Cisco IOS XE devices with more than 42,000 vulnerable to exploitation, no remedy in sight
A critical zero-day vulnerability, CVE-2023-20198, has been identified in the Cisco IOS XE web interface. This flaw allows remote, unauthenticated attackers to gain control over a system, potentially escalating privileges and creating admin accounts.
According to the Cisco IOS XE 17.15.1 technical FAQs update, the expected release date for the patch addressing this vulnerability is around August 14, 2025. This software release, scheduled for roughly mid-August 2025, includes this vulnerability in its technical FAQs, suggesting that the patch or mitigation is included or closely aligned with this release.

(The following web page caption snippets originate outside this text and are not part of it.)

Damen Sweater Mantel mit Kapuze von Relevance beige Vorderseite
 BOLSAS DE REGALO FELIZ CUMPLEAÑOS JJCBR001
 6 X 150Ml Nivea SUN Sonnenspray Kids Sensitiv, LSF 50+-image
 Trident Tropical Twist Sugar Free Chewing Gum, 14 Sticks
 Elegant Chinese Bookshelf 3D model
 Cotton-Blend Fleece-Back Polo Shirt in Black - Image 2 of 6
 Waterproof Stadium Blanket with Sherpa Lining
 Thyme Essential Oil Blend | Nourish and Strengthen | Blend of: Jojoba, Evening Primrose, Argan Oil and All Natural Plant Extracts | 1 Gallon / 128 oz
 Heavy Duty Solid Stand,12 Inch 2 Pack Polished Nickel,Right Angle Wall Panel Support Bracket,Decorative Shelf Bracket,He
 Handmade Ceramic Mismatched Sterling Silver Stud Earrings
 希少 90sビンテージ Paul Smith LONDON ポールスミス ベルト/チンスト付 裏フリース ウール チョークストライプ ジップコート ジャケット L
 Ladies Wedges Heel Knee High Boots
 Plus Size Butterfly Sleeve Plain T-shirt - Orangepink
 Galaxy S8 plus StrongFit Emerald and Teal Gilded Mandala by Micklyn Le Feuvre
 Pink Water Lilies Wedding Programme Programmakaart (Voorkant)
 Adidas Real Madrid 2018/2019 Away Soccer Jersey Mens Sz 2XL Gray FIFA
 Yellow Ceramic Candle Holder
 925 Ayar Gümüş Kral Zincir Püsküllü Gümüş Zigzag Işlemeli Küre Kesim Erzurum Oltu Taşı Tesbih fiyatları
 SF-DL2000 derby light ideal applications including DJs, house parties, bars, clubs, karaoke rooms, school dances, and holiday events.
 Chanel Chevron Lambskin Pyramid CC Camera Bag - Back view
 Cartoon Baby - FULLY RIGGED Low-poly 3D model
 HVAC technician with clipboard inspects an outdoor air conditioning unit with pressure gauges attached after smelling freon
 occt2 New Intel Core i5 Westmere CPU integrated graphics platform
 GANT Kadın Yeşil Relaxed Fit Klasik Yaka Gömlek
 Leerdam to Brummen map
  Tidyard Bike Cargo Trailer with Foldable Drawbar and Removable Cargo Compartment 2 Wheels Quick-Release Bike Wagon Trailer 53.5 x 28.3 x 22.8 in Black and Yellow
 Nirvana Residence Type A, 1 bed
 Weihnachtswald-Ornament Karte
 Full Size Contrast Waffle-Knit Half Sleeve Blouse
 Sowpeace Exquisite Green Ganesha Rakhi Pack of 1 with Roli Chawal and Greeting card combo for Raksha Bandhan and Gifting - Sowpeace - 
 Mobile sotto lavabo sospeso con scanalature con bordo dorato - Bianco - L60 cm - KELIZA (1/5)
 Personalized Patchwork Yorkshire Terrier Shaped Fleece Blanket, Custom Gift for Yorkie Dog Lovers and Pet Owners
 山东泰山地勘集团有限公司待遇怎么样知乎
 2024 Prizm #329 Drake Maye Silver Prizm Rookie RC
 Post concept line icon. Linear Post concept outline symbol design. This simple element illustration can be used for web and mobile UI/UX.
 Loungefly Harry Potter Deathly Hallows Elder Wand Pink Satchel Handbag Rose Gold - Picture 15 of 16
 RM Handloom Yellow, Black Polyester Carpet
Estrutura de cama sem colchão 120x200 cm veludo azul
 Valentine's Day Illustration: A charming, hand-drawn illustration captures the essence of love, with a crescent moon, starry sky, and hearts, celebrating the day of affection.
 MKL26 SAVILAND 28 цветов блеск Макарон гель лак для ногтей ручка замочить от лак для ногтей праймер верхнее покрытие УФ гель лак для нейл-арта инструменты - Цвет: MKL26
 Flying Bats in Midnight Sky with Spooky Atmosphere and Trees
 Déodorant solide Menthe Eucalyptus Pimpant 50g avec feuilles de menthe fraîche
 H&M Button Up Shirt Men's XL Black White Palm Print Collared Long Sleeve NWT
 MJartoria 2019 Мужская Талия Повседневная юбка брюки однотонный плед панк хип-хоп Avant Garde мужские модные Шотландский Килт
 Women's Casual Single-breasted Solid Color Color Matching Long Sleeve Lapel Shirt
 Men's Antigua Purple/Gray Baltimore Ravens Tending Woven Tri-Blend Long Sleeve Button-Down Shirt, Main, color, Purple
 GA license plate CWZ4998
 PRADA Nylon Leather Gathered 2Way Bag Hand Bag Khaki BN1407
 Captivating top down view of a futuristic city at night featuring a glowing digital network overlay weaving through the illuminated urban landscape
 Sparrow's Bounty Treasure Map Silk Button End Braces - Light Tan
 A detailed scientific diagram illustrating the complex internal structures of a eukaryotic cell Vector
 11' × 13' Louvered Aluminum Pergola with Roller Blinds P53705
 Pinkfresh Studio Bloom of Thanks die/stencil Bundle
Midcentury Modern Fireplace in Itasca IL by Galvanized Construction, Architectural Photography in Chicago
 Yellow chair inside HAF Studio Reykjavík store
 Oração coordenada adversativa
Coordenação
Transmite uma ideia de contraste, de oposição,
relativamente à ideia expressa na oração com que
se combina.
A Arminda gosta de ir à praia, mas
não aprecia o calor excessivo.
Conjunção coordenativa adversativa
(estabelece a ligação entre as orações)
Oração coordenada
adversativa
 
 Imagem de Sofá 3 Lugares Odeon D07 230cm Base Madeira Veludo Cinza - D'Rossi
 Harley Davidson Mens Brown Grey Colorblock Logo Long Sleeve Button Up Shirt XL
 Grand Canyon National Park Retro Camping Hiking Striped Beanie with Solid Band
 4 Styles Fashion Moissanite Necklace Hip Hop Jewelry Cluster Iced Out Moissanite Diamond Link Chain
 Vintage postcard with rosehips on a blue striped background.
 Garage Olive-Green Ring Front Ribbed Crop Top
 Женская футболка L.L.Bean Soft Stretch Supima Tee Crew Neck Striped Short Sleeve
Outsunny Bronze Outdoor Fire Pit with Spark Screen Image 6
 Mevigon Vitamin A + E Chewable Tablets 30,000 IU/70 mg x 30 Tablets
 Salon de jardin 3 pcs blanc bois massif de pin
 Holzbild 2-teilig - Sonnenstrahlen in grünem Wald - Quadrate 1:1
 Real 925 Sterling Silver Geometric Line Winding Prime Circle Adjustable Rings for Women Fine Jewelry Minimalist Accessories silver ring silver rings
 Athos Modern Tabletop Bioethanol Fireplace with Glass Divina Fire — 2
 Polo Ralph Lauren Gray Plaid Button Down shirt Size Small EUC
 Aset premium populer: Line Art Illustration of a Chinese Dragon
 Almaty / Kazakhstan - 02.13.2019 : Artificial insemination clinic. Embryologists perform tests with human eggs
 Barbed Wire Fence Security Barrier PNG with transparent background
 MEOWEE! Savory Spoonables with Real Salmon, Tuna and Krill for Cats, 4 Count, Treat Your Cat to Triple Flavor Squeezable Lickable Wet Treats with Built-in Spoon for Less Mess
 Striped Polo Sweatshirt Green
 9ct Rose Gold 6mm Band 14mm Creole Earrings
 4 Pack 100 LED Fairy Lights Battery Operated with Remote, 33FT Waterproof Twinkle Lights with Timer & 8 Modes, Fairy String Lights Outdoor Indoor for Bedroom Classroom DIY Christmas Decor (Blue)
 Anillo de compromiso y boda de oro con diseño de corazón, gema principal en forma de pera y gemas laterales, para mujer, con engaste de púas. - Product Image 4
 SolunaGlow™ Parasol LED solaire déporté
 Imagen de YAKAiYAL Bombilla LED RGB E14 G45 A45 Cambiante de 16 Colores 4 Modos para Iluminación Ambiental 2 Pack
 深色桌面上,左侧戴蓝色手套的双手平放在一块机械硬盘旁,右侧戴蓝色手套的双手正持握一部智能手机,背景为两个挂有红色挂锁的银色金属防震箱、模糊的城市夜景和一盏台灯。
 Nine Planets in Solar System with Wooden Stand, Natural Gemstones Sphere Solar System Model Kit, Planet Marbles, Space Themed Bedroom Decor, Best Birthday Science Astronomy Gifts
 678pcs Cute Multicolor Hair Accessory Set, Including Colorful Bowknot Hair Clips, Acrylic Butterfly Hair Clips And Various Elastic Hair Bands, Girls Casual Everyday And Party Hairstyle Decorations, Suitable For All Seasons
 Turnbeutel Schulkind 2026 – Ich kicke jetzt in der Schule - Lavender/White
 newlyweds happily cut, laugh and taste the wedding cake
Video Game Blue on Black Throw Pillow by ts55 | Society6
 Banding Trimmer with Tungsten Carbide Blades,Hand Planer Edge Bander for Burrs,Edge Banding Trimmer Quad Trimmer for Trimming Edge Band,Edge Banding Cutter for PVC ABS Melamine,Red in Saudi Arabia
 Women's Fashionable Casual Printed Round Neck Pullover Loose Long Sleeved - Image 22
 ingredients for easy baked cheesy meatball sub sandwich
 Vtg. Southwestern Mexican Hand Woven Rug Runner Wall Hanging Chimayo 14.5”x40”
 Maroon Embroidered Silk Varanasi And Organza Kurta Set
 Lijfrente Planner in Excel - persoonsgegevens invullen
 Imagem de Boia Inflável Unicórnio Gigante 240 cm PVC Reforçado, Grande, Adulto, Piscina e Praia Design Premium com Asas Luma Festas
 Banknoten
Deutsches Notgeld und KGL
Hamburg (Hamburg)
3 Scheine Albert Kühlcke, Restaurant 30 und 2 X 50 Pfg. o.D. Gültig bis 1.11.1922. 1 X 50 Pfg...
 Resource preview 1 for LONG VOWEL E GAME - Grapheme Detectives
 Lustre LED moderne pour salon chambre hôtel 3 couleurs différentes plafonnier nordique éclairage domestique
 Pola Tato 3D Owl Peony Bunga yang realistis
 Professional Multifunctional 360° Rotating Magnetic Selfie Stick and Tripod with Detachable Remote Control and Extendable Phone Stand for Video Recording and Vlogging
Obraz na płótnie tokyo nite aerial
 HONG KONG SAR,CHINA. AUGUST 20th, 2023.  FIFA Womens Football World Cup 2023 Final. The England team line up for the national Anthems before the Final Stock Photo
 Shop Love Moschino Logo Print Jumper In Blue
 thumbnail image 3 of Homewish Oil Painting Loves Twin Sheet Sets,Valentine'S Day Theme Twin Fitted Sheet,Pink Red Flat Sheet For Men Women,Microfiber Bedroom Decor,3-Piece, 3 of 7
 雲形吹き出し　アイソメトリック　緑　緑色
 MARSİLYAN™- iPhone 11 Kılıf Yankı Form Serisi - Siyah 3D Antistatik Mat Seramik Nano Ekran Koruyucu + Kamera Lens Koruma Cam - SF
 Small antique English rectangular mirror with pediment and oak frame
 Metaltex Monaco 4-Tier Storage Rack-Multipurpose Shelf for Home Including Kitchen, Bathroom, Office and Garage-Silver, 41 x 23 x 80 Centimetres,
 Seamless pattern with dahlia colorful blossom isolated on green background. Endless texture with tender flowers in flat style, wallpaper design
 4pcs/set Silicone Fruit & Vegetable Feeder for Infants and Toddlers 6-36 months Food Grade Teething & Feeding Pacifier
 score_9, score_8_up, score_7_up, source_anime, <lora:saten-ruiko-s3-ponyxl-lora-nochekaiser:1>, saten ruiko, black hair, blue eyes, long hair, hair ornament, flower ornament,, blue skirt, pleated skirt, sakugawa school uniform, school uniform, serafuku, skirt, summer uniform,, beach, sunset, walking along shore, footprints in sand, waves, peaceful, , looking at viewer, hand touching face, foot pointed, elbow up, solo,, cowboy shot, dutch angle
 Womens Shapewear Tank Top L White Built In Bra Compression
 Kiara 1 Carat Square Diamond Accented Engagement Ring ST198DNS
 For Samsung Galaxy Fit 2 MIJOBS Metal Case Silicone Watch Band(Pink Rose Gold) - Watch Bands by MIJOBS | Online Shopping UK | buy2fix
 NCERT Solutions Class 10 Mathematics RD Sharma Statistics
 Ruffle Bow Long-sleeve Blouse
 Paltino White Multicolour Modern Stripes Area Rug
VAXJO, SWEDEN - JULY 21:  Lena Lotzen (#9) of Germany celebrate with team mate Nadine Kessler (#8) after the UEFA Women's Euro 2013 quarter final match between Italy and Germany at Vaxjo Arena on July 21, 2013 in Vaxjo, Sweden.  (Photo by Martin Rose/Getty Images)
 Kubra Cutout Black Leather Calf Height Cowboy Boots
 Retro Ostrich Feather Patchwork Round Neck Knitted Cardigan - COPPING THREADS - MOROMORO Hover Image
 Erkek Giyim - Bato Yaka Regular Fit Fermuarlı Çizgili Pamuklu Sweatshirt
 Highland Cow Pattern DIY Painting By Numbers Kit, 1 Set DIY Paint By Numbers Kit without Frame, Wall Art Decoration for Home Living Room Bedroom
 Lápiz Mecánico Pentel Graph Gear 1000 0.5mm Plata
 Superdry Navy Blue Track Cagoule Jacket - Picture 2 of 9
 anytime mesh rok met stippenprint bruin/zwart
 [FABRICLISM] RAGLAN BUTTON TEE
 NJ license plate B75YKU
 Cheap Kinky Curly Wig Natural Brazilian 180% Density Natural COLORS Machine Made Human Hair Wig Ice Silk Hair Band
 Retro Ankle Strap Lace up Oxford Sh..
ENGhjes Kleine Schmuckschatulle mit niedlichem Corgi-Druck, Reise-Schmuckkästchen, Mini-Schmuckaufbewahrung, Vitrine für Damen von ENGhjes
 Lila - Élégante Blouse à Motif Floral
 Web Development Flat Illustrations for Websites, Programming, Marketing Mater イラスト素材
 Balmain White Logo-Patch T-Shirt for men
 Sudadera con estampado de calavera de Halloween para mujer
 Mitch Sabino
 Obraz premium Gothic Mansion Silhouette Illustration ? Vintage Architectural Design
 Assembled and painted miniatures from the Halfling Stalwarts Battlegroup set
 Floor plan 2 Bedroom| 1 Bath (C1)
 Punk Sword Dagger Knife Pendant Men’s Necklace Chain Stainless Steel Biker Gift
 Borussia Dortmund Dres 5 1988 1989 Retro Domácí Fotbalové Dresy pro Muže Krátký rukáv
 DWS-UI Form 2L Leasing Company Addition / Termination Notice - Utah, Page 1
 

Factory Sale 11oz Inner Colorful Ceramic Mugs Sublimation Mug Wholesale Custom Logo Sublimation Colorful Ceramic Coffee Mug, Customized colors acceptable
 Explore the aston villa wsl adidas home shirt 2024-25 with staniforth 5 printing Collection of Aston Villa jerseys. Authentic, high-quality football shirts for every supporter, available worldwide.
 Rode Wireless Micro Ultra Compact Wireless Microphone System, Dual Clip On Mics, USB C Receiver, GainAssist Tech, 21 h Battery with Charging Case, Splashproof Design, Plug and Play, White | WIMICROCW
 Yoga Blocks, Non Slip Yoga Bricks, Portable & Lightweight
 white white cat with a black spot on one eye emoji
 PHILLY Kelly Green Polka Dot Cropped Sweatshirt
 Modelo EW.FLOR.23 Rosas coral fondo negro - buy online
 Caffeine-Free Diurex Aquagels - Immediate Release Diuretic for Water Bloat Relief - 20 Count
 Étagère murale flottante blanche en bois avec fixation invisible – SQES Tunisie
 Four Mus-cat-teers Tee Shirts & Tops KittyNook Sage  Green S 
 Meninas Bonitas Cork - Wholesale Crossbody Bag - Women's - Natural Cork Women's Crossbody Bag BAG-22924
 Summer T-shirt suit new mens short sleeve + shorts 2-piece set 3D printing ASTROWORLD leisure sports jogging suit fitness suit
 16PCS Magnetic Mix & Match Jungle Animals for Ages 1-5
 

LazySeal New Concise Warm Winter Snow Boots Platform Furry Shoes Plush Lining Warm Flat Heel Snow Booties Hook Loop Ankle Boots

No earlier patch date specific to CVE-2023-20198 has been noted in recent Cisco advisories or changelogs, reinforcing August 14, 2025 as the anticipated timeframe for remediation availability.
Security researchers have found nearly 42,000 exploited devices with a backdoor installed, although the exact nature of this backdoor is not specified. More than half of the 67,445 total hosts utilizing the Cisco web interface at the time were infected.
The highest number of infected devices was reported in the U.S. (4,659) and the Philippines (3,224), as of Tuesday. Emily Austin, a senior security researcher at Censys, stated that they've seen an increase in the number of infected devices each time they run a manual scan of known Cisco IOS XE Web UI devices.
Cisco officials are working to develop a patch for the vulnerability, but no existing workarounds are available. They have urged users to disable the HTTP Server feature on internet-facing systems as a temporary measure.
The impacted organizations appear to be telecommunications companies providing services mainly to small business organizations and remote business users. The evolving role of Chief Information Security Officers (CISOs) involves better understanding the risk calculus of their technology stacks and answering the question: Are we a target?
This news serves as a reminder for organizations using Cisco IOS XE software to plan to apply updates from the 17.15.1 release or later, expected from mid-August 2025, to mitigate this critical zero-day vulnerability. As always, it's crucial to stay vigilant and keep systems up-to-date to maintain security.
Cybersecurity experts should prioritize data-and-cloud-computing systems that utilize the Cisco IOS XE web interface, as the urgency for addressing the critical zero-day vulnerability, CVE-2023-20198, becomes imminent. With an anticipated patch release date on August 14, 2025, cybersecurity teams should prepare to apply updates from the 17.15.1 release or later to safeguard their systems from potential cybersecurity threats, emphasizing the importance of technology updates in maintaining cybersecurity.